Anton Treuer has devoted his career to educating crowds of all stripes about Indigenous culture, tradition, history, and modern life. We’ve previously featured the works of the Ojibwe scholar, professor, author, and speaker in C&I — including the epic nonfiction book The Indian Wars: Battles, Bloodshed, and the Fight for Freedom on the American Frontier. Treuer imbues his research and cultural commentary with both humanity and style. An astonishing depth of knowledge and insight complements his conversational writing voice.
Treuer’s latest release should be on every American bookshelf — and in every American history classroom. He has updated and reworked his groundbreaking 2012 primer, Everything You Wanted to Know About Indians But Were Afraid to Ask, for a brand-new “young readers” edition. Don’t let a label throw you off, though: The updated contents will fascinate, educate, and enrich readers of any age or reading level.

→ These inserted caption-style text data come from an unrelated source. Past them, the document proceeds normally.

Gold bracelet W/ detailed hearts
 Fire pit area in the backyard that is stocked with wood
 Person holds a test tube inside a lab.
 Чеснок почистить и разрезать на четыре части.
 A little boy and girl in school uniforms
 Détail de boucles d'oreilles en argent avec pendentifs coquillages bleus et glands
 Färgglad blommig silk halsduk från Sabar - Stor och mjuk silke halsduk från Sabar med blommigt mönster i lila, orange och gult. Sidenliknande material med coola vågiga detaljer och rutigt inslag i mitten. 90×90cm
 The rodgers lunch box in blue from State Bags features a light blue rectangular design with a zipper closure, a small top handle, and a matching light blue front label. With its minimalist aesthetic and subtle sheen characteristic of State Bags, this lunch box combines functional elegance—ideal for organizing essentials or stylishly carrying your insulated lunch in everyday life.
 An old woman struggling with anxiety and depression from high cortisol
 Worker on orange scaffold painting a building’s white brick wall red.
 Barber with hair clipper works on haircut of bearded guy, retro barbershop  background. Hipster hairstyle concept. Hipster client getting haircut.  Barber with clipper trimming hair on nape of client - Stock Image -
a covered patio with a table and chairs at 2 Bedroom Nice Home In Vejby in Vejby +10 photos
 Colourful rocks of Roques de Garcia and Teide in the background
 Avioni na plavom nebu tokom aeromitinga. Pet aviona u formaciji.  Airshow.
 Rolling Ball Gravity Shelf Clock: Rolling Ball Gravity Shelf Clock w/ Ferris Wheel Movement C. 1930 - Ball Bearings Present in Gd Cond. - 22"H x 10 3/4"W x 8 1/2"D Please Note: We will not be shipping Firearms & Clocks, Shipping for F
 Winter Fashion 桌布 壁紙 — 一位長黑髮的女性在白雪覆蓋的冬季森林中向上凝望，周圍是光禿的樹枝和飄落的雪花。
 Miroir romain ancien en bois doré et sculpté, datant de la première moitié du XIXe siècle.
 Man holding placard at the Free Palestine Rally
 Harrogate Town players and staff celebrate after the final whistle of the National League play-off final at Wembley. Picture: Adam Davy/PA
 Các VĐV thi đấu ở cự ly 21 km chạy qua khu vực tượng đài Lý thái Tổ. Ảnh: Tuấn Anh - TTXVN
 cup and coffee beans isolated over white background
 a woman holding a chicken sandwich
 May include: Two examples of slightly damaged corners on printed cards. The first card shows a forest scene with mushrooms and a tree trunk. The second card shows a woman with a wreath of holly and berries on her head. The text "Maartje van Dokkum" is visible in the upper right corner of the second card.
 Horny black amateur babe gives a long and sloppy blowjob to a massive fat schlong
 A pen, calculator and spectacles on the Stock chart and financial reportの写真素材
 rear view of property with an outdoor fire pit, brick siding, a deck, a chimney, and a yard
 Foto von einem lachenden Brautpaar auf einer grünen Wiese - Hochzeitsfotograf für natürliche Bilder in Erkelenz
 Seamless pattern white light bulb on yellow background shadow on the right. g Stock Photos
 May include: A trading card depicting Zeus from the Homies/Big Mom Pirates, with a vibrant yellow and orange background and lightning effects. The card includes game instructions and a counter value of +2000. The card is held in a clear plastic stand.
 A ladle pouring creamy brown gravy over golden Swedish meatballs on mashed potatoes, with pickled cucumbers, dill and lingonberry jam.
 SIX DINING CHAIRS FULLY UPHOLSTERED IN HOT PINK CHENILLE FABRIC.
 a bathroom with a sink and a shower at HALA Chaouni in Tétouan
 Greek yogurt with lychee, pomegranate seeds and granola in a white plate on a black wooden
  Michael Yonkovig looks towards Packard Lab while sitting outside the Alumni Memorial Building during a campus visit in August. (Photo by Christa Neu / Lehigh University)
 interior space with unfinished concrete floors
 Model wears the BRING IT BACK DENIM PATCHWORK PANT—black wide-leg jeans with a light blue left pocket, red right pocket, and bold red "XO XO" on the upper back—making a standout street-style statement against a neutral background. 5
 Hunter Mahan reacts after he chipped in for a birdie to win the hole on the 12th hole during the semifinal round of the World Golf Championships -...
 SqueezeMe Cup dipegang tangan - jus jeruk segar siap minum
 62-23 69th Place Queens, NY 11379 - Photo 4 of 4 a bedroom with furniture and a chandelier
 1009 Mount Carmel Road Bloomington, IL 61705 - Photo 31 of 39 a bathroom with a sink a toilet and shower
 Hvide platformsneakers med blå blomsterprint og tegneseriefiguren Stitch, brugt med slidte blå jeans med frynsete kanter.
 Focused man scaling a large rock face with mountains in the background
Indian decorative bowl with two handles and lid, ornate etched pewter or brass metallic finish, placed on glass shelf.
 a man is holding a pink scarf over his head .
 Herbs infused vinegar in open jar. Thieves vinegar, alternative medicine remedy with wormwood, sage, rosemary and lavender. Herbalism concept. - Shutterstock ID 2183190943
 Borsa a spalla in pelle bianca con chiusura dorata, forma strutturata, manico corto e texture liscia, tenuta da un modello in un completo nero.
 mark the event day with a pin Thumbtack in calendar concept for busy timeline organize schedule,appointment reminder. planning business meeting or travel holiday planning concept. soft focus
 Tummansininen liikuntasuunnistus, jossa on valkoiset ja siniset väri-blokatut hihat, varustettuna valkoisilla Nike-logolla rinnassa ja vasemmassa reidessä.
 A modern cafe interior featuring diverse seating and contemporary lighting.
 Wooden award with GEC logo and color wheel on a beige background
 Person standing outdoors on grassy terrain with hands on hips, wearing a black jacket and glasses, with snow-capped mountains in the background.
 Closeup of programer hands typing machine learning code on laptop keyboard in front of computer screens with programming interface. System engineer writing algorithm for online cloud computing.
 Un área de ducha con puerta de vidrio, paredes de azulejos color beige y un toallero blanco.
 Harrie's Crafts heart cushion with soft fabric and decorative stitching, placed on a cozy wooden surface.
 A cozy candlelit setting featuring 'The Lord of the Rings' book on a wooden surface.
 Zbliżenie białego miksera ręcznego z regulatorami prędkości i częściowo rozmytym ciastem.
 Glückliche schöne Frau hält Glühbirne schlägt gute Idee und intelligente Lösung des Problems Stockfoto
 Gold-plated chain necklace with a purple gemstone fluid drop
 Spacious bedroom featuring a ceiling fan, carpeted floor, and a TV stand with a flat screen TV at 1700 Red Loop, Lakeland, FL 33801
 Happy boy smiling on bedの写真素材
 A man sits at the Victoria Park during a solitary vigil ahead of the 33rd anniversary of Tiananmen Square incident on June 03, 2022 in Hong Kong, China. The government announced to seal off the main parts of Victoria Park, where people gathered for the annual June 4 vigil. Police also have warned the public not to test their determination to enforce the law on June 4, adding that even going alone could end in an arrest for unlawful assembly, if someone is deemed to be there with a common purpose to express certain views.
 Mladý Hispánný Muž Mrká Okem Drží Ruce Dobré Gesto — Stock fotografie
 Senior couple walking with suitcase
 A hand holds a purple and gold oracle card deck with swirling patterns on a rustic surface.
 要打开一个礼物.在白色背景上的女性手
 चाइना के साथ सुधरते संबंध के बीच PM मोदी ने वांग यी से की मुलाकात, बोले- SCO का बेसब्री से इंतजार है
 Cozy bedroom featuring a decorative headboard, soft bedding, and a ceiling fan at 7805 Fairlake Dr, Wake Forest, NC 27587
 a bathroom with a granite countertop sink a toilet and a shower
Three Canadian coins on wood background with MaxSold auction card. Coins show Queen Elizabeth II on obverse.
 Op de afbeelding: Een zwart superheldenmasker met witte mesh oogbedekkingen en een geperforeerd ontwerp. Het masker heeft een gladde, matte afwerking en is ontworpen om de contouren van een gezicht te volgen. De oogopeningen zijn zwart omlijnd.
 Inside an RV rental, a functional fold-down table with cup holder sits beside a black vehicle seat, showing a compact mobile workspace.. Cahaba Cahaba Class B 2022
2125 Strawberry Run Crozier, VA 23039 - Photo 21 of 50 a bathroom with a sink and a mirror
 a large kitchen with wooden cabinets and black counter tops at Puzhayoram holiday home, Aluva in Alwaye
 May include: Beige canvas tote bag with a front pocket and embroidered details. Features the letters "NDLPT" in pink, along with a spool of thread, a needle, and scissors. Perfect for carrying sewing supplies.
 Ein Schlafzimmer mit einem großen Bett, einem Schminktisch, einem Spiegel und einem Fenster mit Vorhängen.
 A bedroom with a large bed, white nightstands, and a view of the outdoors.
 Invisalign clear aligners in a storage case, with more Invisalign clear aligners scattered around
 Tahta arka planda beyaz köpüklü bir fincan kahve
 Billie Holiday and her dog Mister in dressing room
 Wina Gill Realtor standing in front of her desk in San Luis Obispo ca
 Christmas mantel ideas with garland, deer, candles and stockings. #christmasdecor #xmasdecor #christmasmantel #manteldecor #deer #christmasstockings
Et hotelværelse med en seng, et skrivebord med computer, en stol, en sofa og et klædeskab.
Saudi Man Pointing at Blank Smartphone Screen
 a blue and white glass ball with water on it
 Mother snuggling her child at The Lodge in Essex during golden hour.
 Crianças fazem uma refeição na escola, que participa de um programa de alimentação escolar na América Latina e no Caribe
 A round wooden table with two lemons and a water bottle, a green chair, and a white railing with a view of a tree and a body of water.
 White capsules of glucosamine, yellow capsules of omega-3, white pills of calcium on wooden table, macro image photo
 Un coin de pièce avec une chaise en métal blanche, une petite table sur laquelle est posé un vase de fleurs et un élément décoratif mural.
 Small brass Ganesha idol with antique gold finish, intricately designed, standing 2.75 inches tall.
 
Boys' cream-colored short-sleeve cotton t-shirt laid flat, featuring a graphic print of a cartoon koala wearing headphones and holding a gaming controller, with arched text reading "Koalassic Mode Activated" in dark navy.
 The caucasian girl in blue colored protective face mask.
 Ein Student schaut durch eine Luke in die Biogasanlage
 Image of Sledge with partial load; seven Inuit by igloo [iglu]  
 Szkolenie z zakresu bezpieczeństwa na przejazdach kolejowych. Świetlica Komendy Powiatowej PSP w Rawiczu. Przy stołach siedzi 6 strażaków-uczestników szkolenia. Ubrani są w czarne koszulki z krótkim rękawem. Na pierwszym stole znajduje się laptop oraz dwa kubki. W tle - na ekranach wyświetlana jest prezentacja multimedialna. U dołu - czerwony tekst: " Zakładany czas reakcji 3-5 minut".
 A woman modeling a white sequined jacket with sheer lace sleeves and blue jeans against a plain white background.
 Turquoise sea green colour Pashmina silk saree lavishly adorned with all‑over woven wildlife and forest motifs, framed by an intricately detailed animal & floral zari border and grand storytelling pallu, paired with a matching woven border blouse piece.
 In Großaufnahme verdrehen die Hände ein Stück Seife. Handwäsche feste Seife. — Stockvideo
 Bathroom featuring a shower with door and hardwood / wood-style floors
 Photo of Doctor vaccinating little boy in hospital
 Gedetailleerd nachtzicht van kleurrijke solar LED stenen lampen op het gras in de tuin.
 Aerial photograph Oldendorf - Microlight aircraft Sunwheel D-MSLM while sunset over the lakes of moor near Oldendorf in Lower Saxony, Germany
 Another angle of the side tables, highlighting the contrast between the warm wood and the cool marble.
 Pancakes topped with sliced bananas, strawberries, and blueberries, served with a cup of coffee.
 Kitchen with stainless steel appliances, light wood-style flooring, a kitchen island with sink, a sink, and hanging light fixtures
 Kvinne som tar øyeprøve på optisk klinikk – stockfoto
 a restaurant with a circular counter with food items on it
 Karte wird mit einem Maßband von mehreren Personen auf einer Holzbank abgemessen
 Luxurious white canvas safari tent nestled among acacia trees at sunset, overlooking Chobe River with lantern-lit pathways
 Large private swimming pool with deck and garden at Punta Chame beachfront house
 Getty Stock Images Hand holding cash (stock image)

Treuer does amazing work communicating the breadth of Indigenous experiences and beliefs in this part of the world. You’ll come away with a better understanding of the spectrum of thought on tribal languages, Indigenous terminology, history’s great tragedies and moments of progress, ongoing cultural controversies, Native traditions and their authentic meanings, and more. All this is framed with purposeful bits of personal background and biography.
The new edition closes with a chapter called “Finding Ways to Make a Difference” — a practical nudge that reminds us to strive to do more.